L'ont-ils jamais quittée ? Qu'on envisage, en prenant de l'âge, de se rassembler en un bouquet final est la chose au monde la mieux partagée. Les anciens reviennent au village, racontent à qui veut bien entendre leur maturité, puis leur jeunesse, enfin leur enfance. Celui et celle qui savent écrire les offrent au public, exorcisant leurs démons, glorifiant leurs faiblesses, se donnant l'illusion de l'objectivité. En fait, ils parlent d'eux-mêmes, non tels qu'ils ont été mais tel qu'ils sont au moment où ils s'expriment. Leur passé est mort et ce n'est que de l'ici et du maintenant dont il s'entretiennent (hic et nunc).

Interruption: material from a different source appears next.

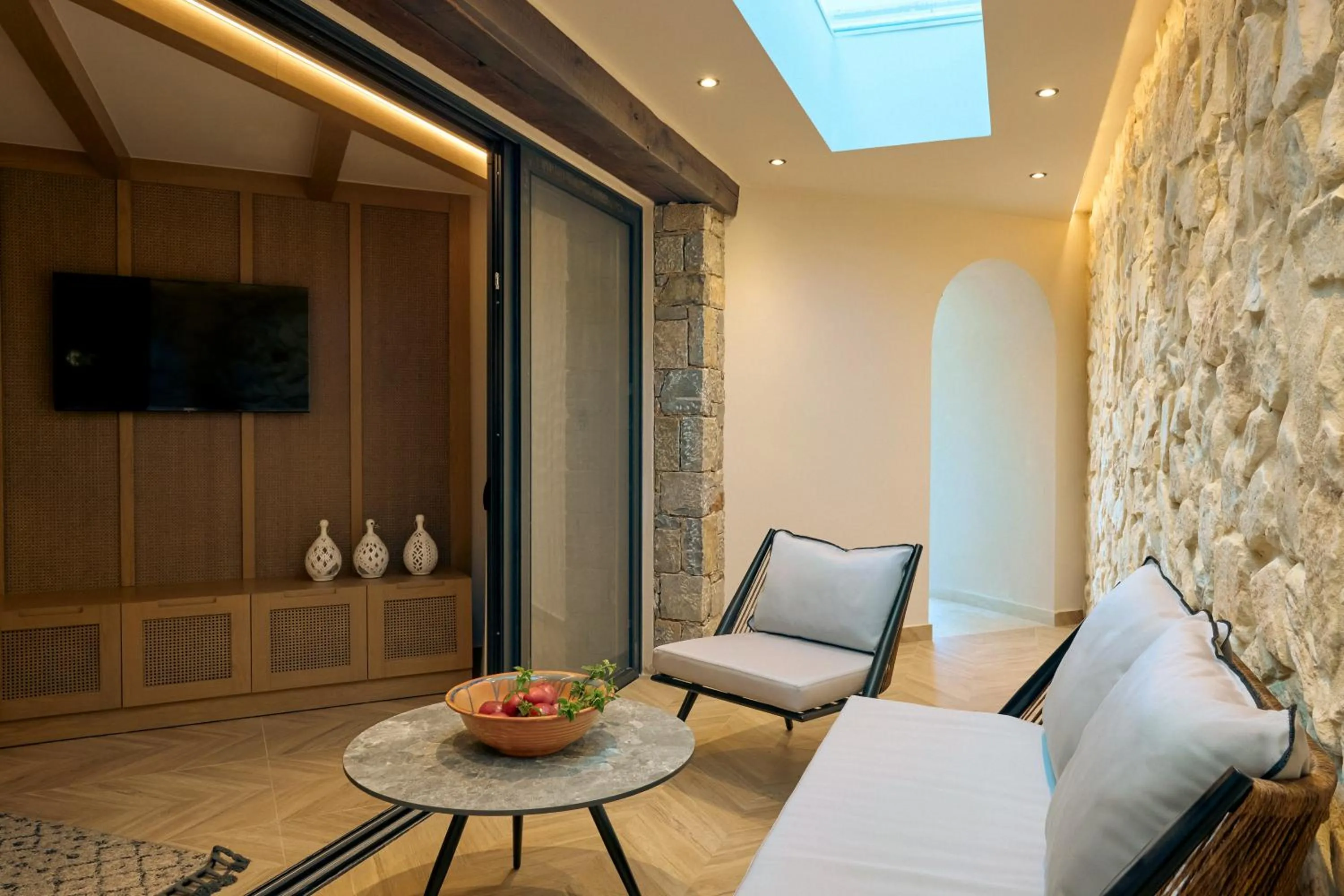 Zeus Eleva Mirabello Bay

Ainsi en a-t-il été, à leur corps et coeur défendant, tout au long de leur carrière. On ne parle ou n'écrit que de ce que l'on connaît. Graham Greene passe par Cuba ou l'Afrique, etc., et chaque fois, laisse un chef d'oeuvre dont l'action se situe dans le pays rencontré. André Malraux fait de même pour la Chine, l'Espagne, etc. Cet exemple du lieu est symbolique : le temps, l'action narrés se nourrissent des milieux fréquentés, des personnes entrevues. L'imagination repose sur le socle du vécu, ce qui a été vu, entendu, senti ou appris dans les livres. Les soeurs Brontë (Jane Eyre, Les Hauts de Hurlevent, La Locataire de Whitefeld) racontent, à l'exception du dernier ouvrage fondé sur l'alcoolisme de leur frère Branwell, les passions qu'elles n'ont vécues que par procuration, repues qu'elles étaient de romantisme littéraire, de conservatisme politique, d'âpreté de paysages. Le roman se fait alors le vecteur d'une cause ancrée au tréfonds de l'auteur : la liberté, l'amour, la religion, le bien, le mal, que sais-je ? De plus, la littérature personnelle compte d'immenses chefs d'oeuvre. Lorsque le " je " devient le sujet princeps du discours, on croise Saint Augustin, Montaigne, Rousseau, Proust et combien d'autres. Bref, que toute littérature soit écrite de la même encre que l'autobiographie, comme le disait en substance Albert Thibaudet, paraît une évidence. Le nier relèverait de l'illusion.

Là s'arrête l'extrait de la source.